The opposition Movement for Democratic Change is crying foul over the alleged role of Nikuv International Projects in rigging Zimbabwe’s July 31 general elections, but the Mail & Guardian can reveal that the party’s top brass, including party leader Morgan Tsvangirai, was dealing with the Israeli company as early as last year through a subsidiary that deals in agricultural equipment.
Now there is deep concern in the party that the security of its top leadership could have been compromised.
The M&G has reported in the past that Nikuv, hired by the Zimbabwe government, has links to the Israeli intelligence organisation, Mossad.

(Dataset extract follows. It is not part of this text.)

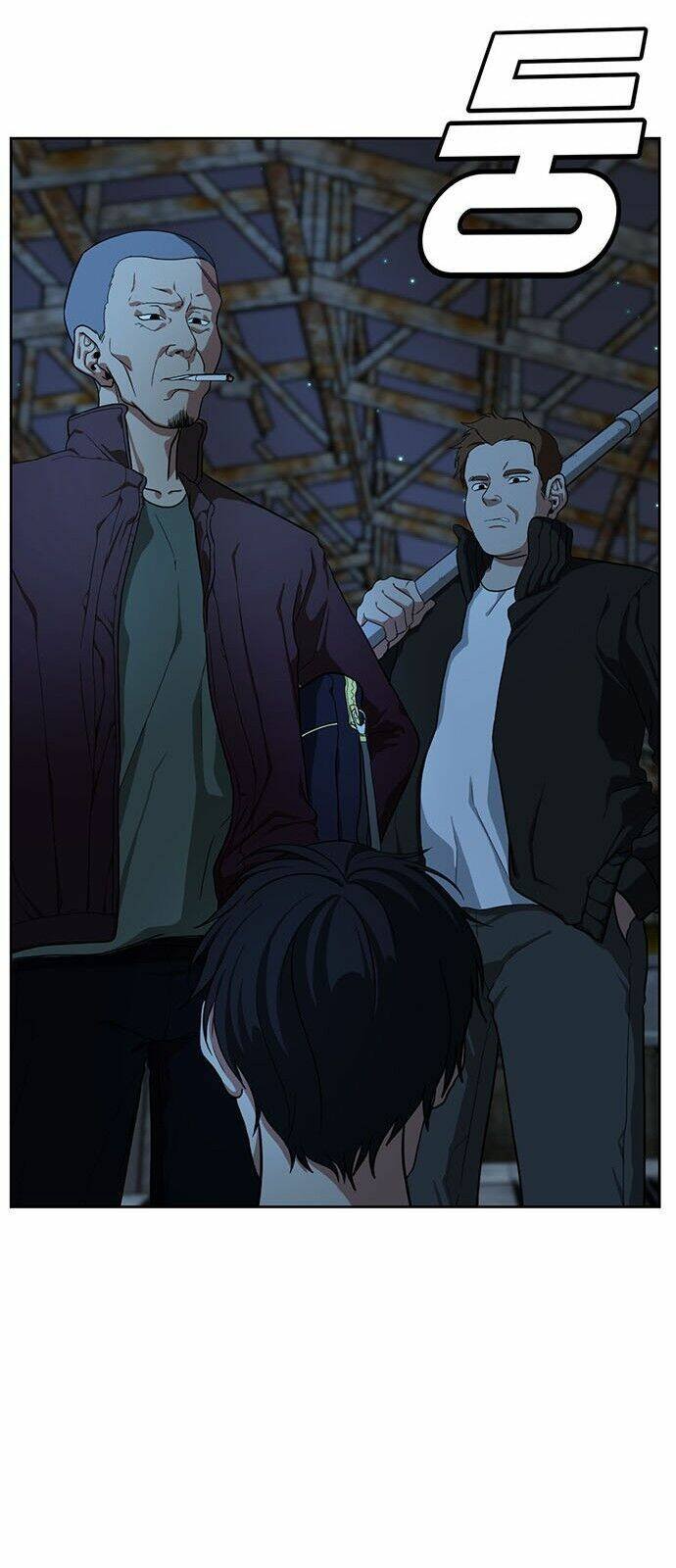 change me chapter 32 62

It has emerged that Nikuv’s sister company, Pedstock Investments, supplied and installed drip irrigation equipment at Tsvangirai’s rural home homestead in Humanikwa village in Buhera, Manicaland, some time last year.
Outgoing Deputy Prime Minister Thokozani Khuphe, the party’s vice-president, also allegedly benefited or bought the same drip irrigation equipment, and Tsvangirai’s trusted lieutenant and chief secretary, Ian Makone, and his wife, Theresa, who is the outgoing home affairs minister and the MDC-T Women’s Assembly leader, also had a drip irrigation system installed at her Domboshava home.
This week Theresa Makone confirmed that Pedstock had installed irrigation systems at her Domboshava home, at Tsvangirai’s Buhera home and at Khuphe’s home (without specifying the area).
But, she said, at that time she and her superiors were unaware of the links between the company and Nikuv.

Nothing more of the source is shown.